DIRECTIONS: Up to and including the line with "Chalet Village North", repeat every line of the listing exactly, beginning at the first.
DATA FOR THIS EXERCISE: Begin
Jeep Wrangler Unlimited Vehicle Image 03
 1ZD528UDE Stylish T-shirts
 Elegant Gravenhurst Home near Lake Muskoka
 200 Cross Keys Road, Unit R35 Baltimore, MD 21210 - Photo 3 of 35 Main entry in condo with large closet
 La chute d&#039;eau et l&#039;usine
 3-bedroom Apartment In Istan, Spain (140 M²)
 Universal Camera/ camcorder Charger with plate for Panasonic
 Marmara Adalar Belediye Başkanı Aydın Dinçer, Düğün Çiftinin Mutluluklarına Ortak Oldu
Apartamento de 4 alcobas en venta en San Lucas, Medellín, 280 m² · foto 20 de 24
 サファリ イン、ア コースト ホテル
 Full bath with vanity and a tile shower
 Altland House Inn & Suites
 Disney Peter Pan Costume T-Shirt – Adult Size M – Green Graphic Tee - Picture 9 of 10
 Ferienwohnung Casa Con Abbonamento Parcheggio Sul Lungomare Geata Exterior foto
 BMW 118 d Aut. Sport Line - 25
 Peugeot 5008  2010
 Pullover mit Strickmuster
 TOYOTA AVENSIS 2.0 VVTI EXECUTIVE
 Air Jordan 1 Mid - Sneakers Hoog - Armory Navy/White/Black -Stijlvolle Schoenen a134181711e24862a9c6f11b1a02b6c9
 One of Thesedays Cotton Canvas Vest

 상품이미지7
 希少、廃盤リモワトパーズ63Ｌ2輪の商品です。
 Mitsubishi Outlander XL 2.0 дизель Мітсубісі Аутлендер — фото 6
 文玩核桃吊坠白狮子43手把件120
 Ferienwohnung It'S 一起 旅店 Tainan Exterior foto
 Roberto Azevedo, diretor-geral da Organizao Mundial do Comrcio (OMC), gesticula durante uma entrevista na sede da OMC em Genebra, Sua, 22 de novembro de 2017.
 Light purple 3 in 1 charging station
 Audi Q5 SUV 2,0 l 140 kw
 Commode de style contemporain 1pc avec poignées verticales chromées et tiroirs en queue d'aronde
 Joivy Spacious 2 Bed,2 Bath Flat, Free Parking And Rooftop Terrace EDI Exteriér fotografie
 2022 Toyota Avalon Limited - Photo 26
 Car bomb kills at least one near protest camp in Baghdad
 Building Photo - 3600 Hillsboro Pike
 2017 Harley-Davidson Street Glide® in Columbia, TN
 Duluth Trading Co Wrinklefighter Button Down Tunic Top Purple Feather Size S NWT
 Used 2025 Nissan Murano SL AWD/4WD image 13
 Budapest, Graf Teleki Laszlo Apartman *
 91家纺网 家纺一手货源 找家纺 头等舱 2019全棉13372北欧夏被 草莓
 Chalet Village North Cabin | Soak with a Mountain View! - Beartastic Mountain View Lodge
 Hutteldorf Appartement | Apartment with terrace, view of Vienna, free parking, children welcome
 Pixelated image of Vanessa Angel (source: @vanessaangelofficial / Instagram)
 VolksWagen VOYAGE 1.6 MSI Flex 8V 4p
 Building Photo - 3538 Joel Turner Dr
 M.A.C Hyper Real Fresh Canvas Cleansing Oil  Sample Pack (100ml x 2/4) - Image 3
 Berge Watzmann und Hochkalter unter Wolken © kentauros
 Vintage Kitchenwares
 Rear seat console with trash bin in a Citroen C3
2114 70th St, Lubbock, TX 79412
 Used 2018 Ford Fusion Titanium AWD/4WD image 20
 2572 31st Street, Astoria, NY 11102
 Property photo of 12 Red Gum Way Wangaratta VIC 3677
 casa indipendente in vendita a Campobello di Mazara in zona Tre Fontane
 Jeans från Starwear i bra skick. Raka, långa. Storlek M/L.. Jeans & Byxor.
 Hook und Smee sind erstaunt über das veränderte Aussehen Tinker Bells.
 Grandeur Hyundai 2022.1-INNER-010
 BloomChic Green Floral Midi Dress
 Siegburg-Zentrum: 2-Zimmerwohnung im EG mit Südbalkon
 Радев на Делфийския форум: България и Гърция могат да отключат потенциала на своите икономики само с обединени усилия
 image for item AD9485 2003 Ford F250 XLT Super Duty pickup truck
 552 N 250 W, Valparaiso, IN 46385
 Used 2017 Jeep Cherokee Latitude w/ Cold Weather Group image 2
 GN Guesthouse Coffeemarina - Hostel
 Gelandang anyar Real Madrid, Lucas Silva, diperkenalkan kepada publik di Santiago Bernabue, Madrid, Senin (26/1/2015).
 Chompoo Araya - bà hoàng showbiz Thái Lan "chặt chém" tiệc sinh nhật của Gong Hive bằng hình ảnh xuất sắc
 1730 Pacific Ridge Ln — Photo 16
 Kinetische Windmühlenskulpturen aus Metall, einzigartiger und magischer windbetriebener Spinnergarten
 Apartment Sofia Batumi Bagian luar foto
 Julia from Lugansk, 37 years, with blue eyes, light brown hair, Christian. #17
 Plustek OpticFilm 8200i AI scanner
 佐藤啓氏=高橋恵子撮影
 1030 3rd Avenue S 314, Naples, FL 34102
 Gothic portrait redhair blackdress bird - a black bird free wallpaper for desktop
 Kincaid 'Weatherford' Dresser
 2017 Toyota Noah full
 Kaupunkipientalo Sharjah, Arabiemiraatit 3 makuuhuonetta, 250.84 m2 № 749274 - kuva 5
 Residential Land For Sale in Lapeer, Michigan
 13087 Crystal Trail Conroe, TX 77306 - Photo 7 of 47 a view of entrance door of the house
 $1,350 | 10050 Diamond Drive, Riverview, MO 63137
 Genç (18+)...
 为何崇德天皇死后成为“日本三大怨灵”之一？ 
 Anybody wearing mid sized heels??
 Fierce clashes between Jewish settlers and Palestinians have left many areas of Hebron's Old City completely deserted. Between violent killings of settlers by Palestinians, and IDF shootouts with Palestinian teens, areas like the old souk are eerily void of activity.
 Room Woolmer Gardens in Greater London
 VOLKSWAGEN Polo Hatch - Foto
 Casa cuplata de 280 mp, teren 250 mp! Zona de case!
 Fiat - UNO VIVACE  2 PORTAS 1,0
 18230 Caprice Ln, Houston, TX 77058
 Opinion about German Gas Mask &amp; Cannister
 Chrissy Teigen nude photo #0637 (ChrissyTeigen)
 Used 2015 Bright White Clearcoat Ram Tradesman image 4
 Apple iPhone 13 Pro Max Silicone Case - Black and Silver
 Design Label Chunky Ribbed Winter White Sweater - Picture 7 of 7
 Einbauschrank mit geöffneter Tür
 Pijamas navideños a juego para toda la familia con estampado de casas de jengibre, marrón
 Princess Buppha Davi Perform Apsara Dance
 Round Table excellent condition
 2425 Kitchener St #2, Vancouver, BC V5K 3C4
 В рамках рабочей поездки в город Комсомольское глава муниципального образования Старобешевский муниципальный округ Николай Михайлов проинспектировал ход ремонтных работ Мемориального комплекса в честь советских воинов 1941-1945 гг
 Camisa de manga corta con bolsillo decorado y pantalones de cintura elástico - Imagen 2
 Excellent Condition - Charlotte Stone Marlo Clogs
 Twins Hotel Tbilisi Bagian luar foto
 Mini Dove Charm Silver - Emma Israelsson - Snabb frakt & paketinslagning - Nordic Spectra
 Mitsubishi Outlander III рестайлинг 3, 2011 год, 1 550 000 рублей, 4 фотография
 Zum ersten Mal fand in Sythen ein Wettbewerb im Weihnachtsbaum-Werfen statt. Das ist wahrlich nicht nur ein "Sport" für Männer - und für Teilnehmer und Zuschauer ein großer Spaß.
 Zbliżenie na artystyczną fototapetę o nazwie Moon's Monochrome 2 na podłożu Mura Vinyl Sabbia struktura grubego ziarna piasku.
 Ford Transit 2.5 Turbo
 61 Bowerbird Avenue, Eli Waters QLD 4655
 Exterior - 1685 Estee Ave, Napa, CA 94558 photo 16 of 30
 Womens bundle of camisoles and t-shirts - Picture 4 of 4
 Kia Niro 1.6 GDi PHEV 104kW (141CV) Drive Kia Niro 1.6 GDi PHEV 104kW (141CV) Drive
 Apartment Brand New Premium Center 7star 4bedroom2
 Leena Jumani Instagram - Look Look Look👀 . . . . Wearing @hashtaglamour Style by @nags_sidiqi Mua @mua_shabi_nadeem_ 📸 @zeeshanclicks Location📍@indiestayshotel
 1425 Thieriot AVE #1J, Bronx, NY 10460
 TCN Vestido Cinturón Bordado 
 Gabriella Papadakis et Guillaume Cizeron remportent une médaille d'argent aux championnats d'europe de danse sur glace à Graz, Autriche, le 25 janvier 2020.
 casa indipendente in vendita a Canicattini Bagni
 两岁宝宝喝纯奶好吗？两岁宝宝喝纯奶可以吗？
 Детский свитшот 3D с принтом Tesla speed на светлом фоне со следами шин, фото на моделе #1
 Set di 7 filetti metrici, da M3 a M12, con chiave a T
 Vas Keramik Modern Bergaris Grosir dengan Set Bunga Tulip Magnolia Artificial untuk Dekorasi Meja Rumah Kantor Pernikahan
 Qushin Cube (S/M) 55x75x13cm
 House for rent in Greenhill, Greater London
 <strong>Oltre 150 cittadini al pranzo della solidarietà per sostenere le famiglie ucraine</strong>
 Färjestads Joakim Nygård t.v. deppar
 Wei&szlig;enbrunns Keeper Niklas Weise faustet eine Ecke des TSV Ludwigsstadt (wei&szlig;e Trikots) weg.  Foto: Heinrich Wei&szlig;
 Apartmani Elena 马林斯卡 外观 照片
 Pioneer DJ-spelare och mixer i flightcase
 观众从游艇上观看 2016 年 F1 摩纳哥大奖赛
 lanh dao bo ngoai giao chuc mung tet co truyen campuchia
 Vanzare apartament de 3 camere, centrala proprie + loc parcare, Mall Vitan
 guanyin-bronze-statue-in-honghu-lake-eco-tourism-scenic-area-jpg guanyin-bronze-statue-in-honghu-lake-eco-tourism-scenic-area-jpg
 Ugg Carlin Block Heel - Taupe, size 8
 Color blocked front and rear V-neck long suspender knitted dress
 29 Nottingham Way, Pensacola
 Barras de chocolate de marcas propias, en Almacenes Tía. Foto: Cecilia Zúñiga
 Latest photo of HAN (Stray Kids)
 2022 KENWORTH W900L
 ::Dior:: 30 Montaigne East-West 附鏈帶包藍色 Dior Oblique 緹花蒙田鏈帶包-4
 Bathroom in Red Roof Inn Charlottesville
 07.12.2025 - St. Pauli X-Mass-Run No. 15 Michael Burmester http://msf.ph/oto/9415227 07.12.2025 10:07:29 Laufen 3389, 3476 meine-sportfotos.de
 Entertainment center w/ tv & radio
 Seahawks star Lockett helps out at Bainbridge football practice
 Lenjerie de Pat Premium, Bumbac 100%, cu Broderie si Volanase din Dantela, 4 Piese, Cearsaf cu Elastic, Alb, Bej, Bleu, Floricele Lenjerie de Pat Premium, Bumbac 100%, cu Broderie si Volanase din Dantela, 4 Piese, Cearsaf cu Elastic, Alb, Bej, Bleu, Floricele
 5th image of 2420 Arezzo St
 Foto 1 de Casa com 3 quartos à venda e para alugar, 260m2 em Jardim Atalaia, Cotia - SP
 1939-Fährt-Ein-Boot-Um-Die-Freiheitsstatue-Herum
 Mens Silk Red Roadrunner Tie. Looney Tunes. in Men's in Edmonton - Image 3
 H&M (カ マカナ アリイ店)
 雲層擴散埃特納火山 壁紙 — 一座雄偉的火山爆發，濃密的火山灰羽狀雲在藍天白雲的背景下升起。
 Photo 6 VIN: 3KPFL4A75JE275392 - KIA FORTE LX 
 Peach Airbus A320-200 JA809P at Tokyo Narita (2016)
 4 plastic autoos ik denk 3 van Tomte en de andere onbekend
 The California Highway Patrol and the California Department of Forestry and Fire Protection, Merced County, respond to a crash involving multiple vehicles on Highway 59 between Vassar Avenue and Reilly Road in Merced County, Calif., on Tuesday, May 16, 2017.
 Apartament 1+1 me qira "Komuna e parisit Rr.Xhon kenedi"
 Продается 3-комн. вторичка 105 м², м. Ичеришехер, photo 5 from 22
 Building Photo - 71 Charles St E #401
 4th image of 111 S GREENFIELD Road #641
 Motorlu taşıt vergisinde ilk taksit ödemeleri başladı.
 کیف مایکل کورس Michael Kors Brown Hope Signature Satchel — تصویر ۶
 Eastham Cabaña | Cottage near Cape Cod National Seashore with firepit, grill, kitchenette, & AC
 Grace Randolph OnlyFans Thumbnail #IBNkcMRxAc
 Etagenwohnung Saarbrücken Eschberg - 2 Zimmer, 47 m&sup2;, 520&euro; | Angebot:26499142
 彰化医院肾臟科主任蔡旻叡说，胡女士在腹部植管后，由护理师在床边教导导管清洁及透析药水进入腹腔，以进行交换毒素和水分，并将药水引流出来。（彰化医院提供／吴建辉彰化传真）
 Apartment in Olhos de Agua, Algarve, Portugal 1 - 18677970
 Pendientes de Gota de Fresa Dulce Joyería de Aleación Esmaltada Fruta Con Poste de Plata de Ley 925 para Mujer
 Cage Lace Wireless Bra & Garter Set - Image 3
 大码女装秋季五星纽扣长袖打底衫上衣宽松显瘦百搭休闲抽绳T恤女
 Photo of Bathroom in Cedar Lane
DATA FOR THIS EXERCISE: End
EXERCISE RESULT:
Jeep Wrangler Unlimited Vehicle Image 03
 1ZD528UDE Stylish T-shirts
 Elegant Gravenhurst Home near Lake Muskoka
 200 Cross Keys Road, Unit R35 Baltimore, MD 21210 - Photo 3 of 35 Main entry in condo with large closet
 La chute d&#039;eau et l&#039;usine
 3-bedroom Apartment In Istan, Spain (140 M²)
 Universal Camera/ camcorder Charger with plate for Panasonic
 Marmara Adalar Belediye Başkanı Aydın Dinçer, Düğün Çiftinin Mutluluklarına Ortak Oldu
Apartamento de 4 alcobas en venta en San Lucas, Medellín, 280 m² · foto 20 de 24
 サファリ イン、ア コースト ホテル
 Full bath with vanity and a tile shower
 Altland House Inn & Suites
 Disney Peter Pan Costume T-Shirt – Adult Size M – Green Graphic Tee - Picture 9 of 10
 Ferienwohnung Casa Con Abbonamento Parcheggio Sul Lungomare Geata Exterior foto
 BMW 118 d Aut. Sport Line - 25
 Peugeot 5008  2010
 Pullover mit Strickmuster
 TOYOTA AVENSIS 2.0 VVTI EXECUTIVE
 Air Jordan 1 Mid - Sneakers Hoog - Armory Navy/White/Black -Stijlvolle Schoenen a134181711e24862a9c6f11b1a02b6c9
 One of Thesedays Cotton Canvas Vest

 상품이미지7
 希少、廃盤リモワトパーズ63Ｌ2輪の商品です。
 Mitsubishi Outlander XL 2.0 дизель Мітсубісі Аутлендер — фото 6
 文玩核桃吊坠白狮子43手把件120
 Ferienwohnung It'S 一起 旅店 Tainan Exterior foto
 Roberto Azevedo, diretor-geral da Organizao Mundial do Comrcio (OMC), gesticula durante uma entrevista na sede da OMC em Genebra, Sua, 22 de novembro de 2017.
 Light purple 3 in 1 charging station
 Audi Q5 SUV 2,0 l 140 kw
 Commode de style contemporain 1pc avec poignées verticales chromées et tiroirs en queue d'aronde
 Joivy Spacious 2 Bed,2 Bath Flat, Free Parking And Rooftop Terrace EDI Exteriér fotografie
 2022 Toyota Avalon Limited - Photo 26
 Car bomb kills at least one near protest camp in Baghdad
 Building Photo - 3600 Hillsboro Pike
 2017 Harley-Davidson Street Glide® in Columbia, TN
 Duluth Trading Co Wrinklefighter Button Down Tunic Top Purple Feather Size S NWT
 Used 2025 Nissan Murano SL AWD/4WD image 13
 Budapest, Graf Teleki Laszlo Apartman *
 91家纺网 家纺一手货源 找家纺 头等舱 2019全棉13372北欧夏被 草莓
 Chalet Village North Cabin | Soak with a Mountain View! - Beartastic Mountain View Lodge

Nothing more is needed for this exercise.